■ Task brief:
Wherever a picture appears in the data below, omit it, and restate everything else word for word.

■ Exercise data:

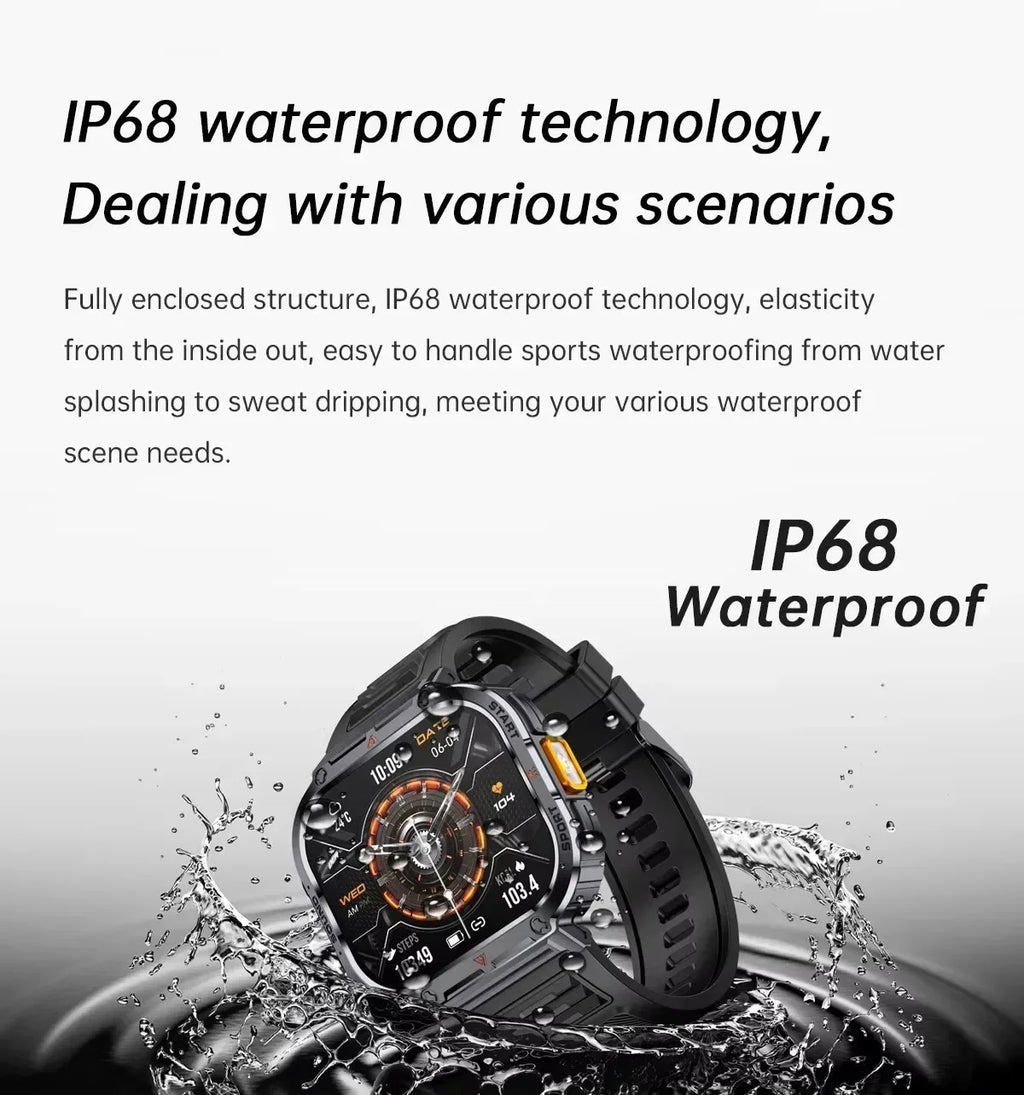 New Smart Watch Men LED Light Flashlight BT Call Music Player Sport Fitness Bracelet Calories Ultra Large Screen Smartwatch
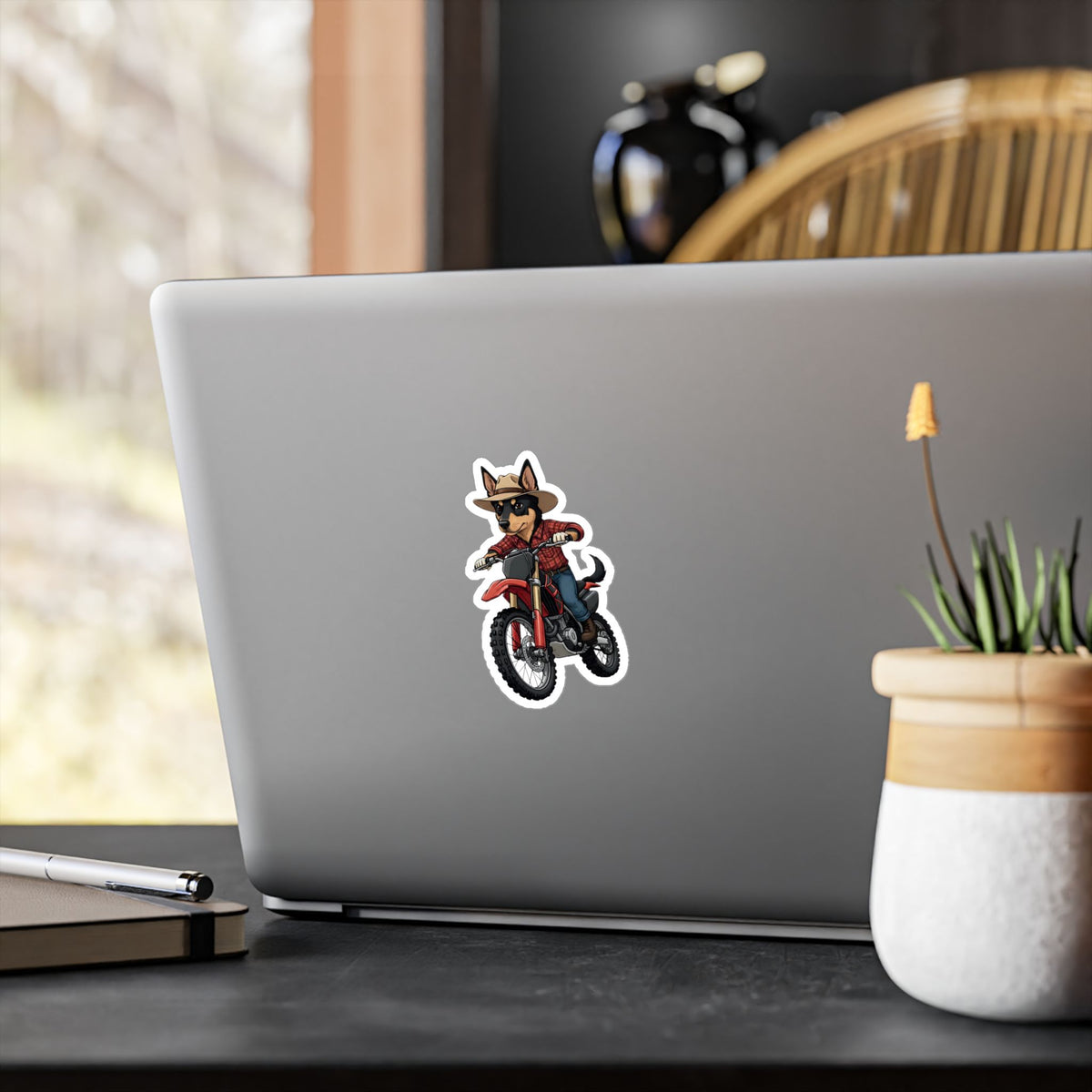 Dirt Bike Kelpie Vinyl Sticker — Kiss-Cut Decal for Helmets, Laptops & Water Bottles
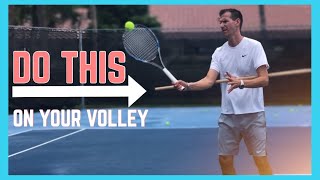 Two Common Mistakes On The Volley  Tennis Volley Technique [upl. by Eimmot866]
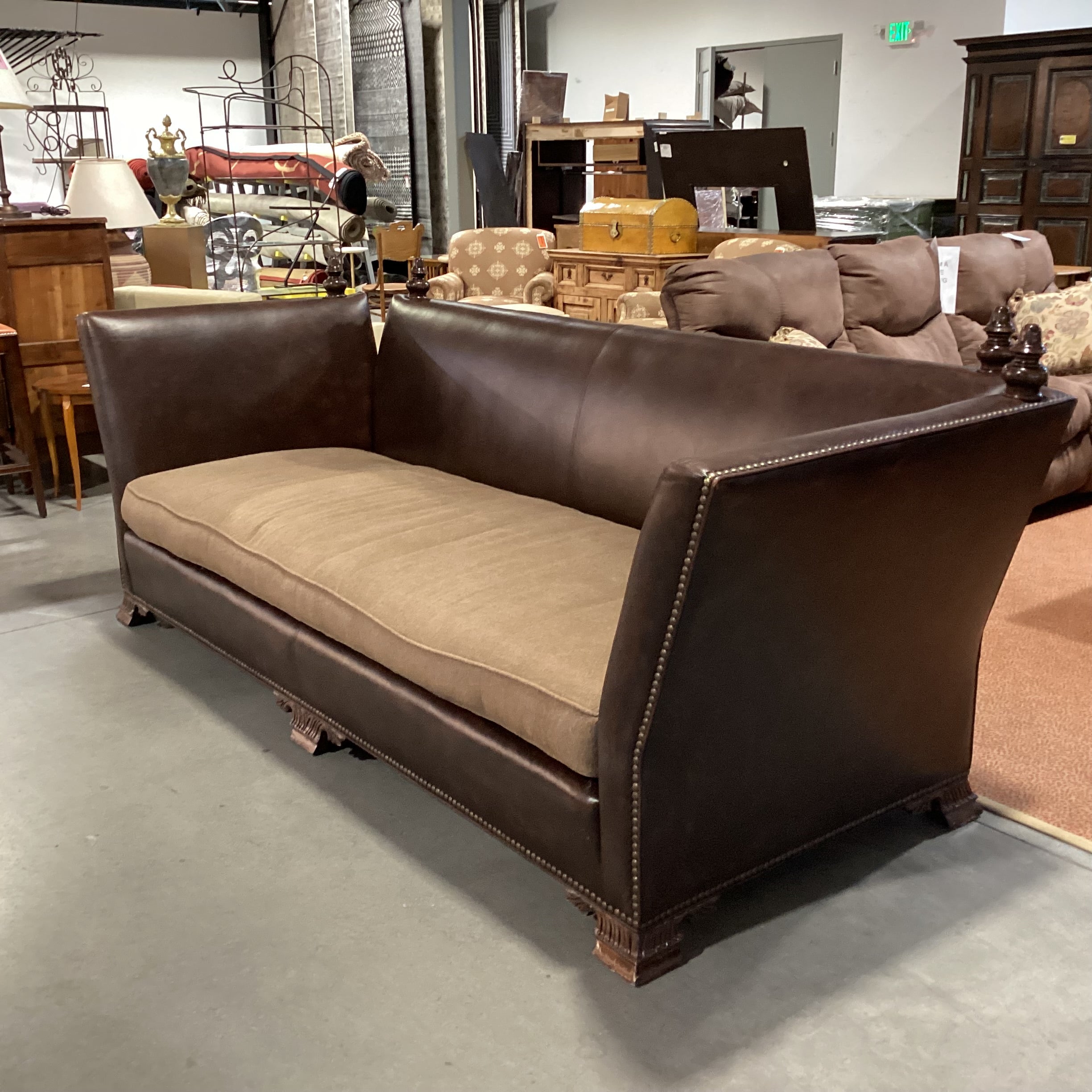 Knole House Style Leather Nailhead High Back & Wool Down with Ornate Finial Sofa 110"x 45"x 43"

■ Answer space:
 New Smart Watch Men LED Light Flashlight BT Call Music Player Sport Fitness Bracelet Calories Ultra Large Screen Smartwatch
 Dirt Bike Kelpie Vinyl Sticker — Kiss-Cut Decal for Helmets, Laptops & Water Bottles
 Two Common Mistakes On The Volley  Tennis Volley Technique [upl. by Eimmot866]
 Knole House Style Leather Nailhead High Back & Wool Down with Ornate Finial Sofa 110"x 45"x 43"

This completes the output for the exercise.